» WHAT TO DO:
Although the data below holds other lines too, output only those from the line with "TEREX NHL MINING" up to and including the line with "Image 2 of property", exactly as they appear.

» SUPPLIED RECORDS:
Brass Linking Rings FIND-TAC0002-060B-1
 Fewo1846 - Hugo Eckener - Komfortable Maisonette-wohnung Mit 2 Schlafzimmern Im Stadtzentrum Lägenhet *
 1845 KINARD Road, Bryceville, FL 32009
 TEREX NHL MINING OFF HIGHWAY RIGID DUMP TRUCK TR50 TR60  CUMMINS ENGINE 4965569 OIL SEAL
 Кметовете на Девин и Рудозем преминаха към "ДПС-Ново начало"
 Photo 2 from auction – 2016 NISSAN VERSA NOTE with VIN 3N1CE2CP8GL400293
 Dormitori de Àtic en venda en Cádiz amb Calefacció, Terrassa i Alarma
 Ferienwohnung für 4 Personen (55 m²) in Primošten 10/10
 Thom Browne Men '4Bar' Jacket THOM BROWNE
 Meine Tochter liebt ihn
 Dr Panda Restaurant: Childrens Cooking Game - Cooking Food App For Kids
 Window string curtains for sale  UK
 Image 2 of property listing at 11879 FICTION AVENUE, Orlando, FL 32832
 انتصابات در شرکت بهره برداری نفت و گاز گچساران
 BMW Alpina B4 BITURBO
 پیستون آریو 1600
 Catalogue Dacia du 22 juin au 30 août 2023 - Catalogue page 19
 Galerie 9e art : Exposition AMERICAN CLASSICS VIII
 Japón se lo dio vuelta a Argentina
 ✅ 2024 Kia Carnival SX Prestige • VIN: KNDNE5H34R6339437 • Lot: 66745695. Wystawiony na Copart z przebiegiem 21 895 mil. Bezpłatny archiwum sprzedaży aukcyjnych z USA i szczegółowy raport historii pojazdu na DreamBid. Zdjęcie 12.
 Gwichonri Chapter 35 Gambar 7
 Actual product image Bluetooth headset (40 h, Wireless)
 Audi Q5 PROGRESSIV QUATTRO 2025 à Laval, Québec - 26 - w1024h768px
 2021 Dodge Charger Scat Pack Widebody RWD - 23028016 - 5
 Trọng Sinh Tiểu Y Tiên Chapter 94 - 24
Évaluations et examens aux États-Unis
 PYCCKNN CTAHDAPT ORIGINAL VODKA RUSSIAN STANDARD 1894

» SOLUTION FOR THIS EXERCISE:
 TEREX NHL MINING OFF HIGHWAY RIGID DUMP TRUCK TR50 TR60  CUMMINS ENGINE 4965569 OIL SEAL
 Кметовете на Девин и Рудозем преминаха към "ДПС-Ново начало"
 Photo 2 from auction – 2016 NISSAN VERSA NOTE with VIN 3N1CE2CP8GL400293
 Dormitori de Àtic en venda en Cádiz amb Calefacció, Terrassa i Alarma
 Ferienwohnung für 4 Personen (55 m²) in Primošten 10/10
 Thom Browne Men '4Bar' Jacket THOM BROWNE
 Meine Tochter liebt ihn
 Dr Panda Restaurant: Childrens Cooking Game - Cooking Food App For Kids
 Window string curtains for sale  UK
 Image 2 of property listing at 11879 FICTION AVENUE, Orlando, FL 32832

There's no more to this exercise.